> Dataset:
+-------+

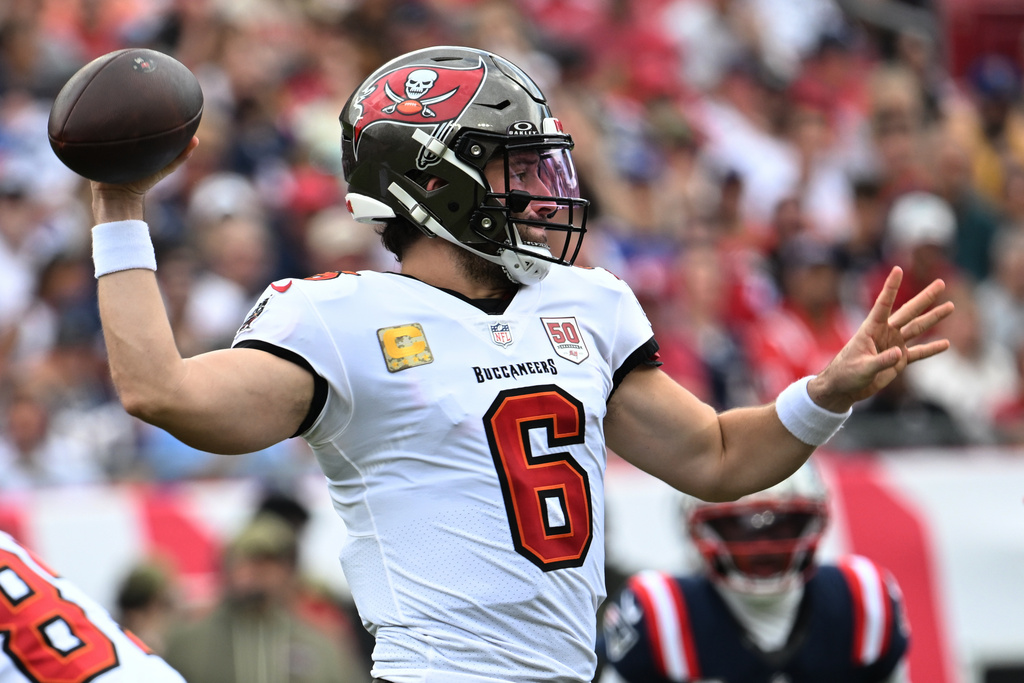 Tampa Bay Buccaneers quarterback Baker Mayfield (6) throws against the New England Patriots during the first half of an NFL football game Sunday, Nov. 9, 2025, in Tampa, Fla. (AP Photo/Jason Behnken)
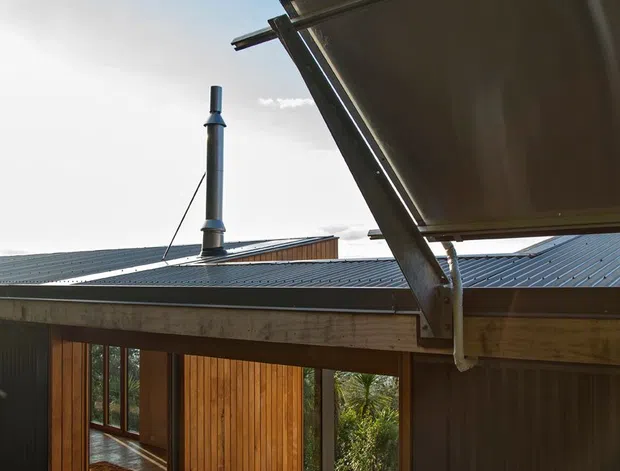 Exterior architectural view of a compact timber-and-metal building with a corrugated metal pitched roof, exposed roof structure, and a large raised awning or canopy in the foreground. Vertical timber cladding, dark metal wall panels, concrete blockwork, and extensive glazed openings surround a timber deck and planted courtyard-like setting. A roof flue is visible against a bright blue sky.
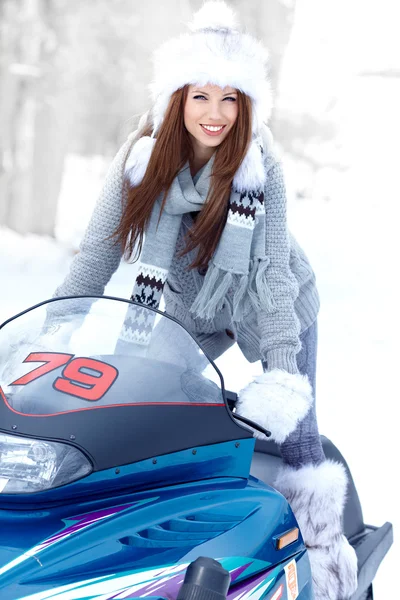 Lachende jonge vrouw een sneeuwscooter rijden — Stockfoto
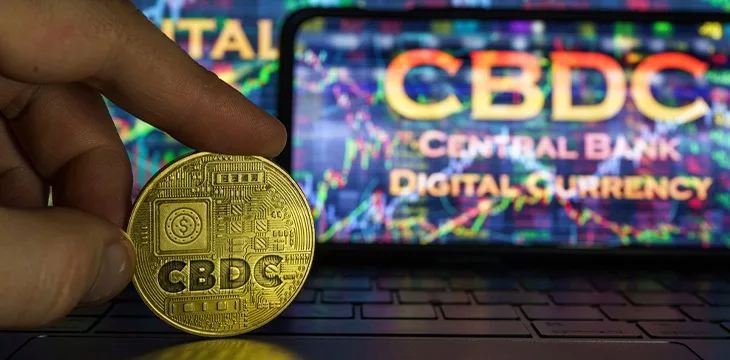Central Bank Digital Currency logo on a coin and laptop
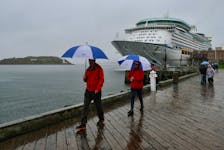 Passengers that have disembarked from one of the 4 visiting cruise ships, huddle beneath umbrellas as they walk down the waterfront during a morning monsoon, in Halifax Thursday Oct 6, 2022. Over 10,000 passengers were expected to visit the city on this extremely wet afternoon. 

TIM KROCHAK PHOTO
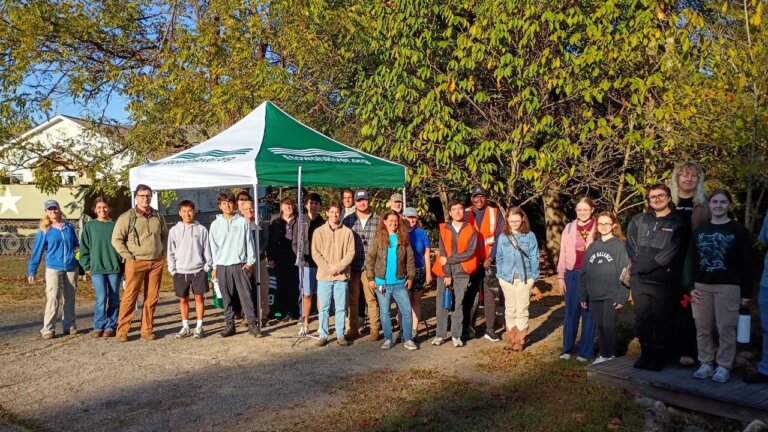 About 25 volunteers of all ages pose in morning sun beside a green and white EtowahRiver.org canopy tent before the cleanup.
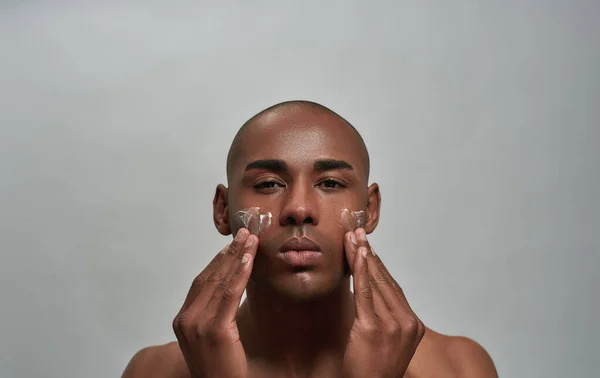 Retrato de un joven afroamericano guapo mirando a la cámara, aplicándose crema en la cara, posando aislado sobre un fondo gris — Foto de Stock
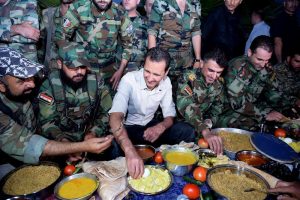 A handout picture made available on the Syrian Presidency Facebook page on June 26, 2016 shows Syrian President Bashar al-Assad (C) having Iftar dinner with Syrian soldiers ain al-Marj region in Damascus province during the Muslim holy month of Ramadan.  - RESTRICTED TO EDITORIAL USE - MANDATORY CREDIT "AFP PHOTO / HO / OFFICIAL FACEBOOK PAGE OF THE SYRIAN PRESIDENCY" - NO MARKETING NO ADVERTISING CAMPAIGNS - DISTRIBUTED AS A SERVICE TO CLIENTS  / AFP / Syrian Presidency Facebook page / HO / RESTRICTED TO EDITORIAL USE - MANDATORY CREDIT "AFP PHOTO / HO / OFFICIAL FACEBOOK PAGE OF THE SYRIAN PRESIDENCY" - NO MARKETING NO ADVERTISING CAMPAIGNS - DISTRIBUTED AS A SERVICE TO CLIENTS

+-------+

> Exercise aim:
Reproduce every line above exactly, pictures excluded.

> Output below:
 Tampa Bay Buccaneers quarterback Baker Mayfield (6) throws against the New England Patriots during the first half of an NFL football game Sunday, Nov. 9, 2025, in Tampa, Fla. (AP Photo/Jason Behnken)
 Exterior architectural view of a compact timber-and-metal building with a corrugated metal pitched roof, exposed roof structure, and a large raised awning or canopy in the foreground. Vertical timber cladding, dark metal wall panels, concrete blockwork, and extensive glazed openings surround a timber deck and planted courtyard-like setting. A roof flue is visible against a bright blue sky.
 Lachende jonge vrouw een sneeuwscooter rijden — Stockfoto
Central Bank Digital Currency logo on a coin and laptop
 Passengers that have disembarked from one of the 4 visiting cruise ships, huddle beneath umbrellas as they walk down the waterfront during a morning monsoon, in Halifax Thursday Oct 6, 2022. Over 10,000 passengers were expected to visit the city on this extremely wet afternoon. 

TIM KROCHAK PHOTO
 About 25 volunteers of all ages pose in morning sun beside a green and white EtowahRiver.org canopy tent before the cleanup.
 Retrato de un joven afroamericano guapo mirando a la cámara, aplicándose crema en la cara, posando aislado sobre un fondo gris — Foto de Stock
 A handout picture made available on the Syrian Presidency Facebook page on June 26, 2016 shows Syrian President Bashar al-Assad (C) having Iftar dinner with Syrian soldiers ain al-Marj region in Damascus province during the Muslim holy month of Ramadan.  - RESTRICTED TO EDITORIAL USE - MANDATORY CREDIT "AFP PHOTO / HO / OFFICIAL FACEBOOK PAGE OF THE SYRIAN PRESIDENCY" - NO MARKETING NO ADVERTISING CAMPAIGNS - DISTRIBUTED AS A SERVICE TO CLIENTS  / AFP / Syrian Presidency Facebook page / HO / RESTRICTED TO EDITORIAL USE - MANDATORY CREDIT "AFP PHOTO / HO / OFFICIAL FACEBOOK PAGE OF THE SYRIAN PRESIDENCY" - NO MARKETING NO ADVERTISING CAMPAIGNS - DISTRIBUTED AS A SERVICE TO CLIENTS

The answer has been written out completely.